▶ **WHAT YOU WILL DO**
Working from the top of the listing below, retype each line through the line containing "Nauczyciel matematyki tłumaczy", both included, with no pictures.

▶ **AVAILABLE DATA**
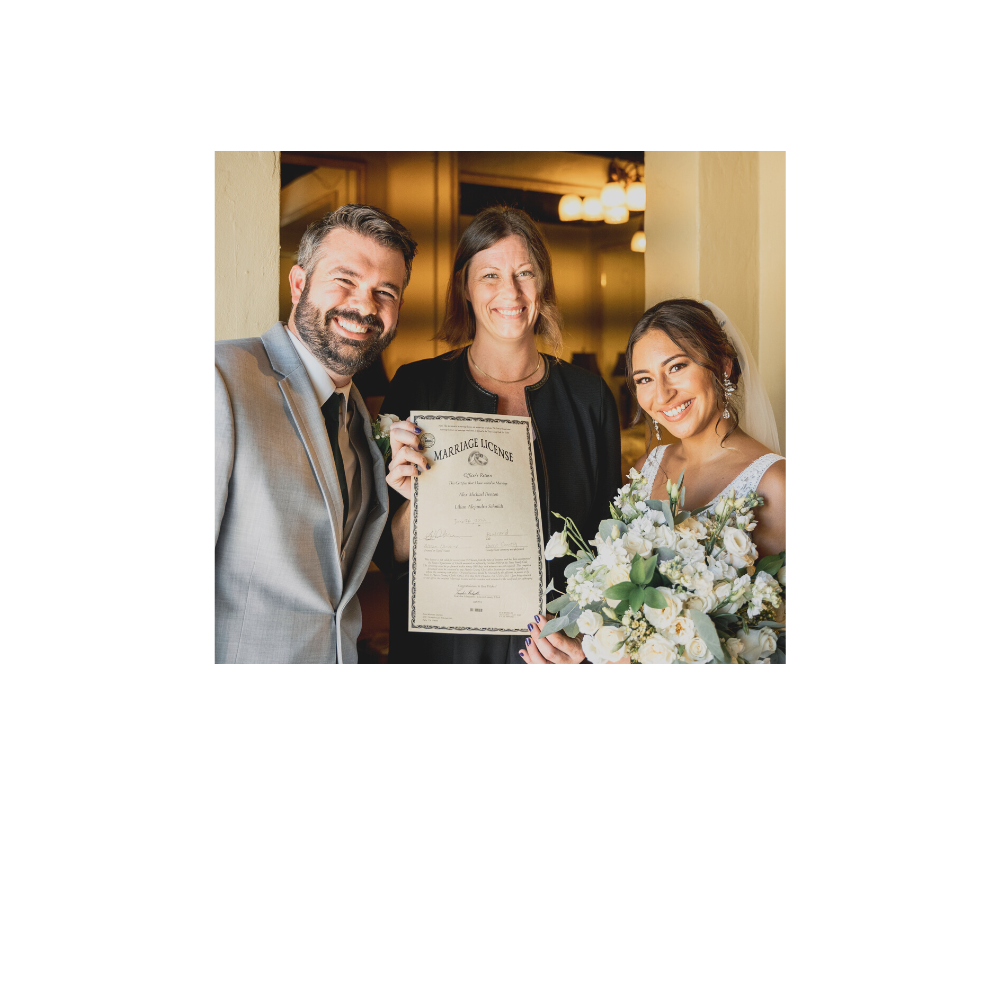 Minister Allison Donohue with Texas Wedding Ministers smiling with couple and their marriage license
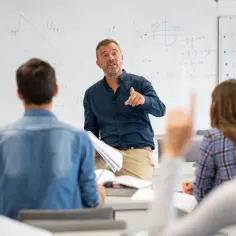 Nauczyciel matematyki tłumaczy zadania z geometrii uczniom w 3 klasie liceum. Na tablicy widać wzory i rysunki.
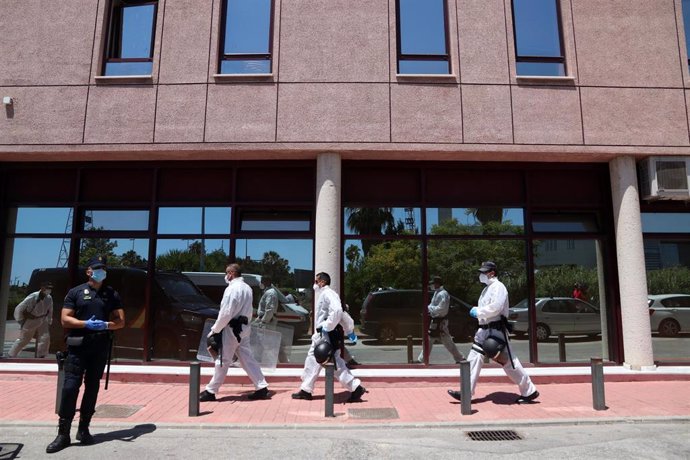 Agentes de la Policía Nacional equipados con Equipos de Protección Individual (EPI), custodian a contagiados de COVID-19 en una de las sede de Cruz Roja en Málaga, (Andalucía, España), a 25 de junio de 2020.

▶ **YOUR RESPONSE**
 Minister Allison Donohue with Texas Wedding Ministers smiling with couple and their marriage license
 Nauczyciel matematyki tłumaczy zadania z geometrii uczniom w 3 klasie liceum. Na tablicy widać wzory i rysunki.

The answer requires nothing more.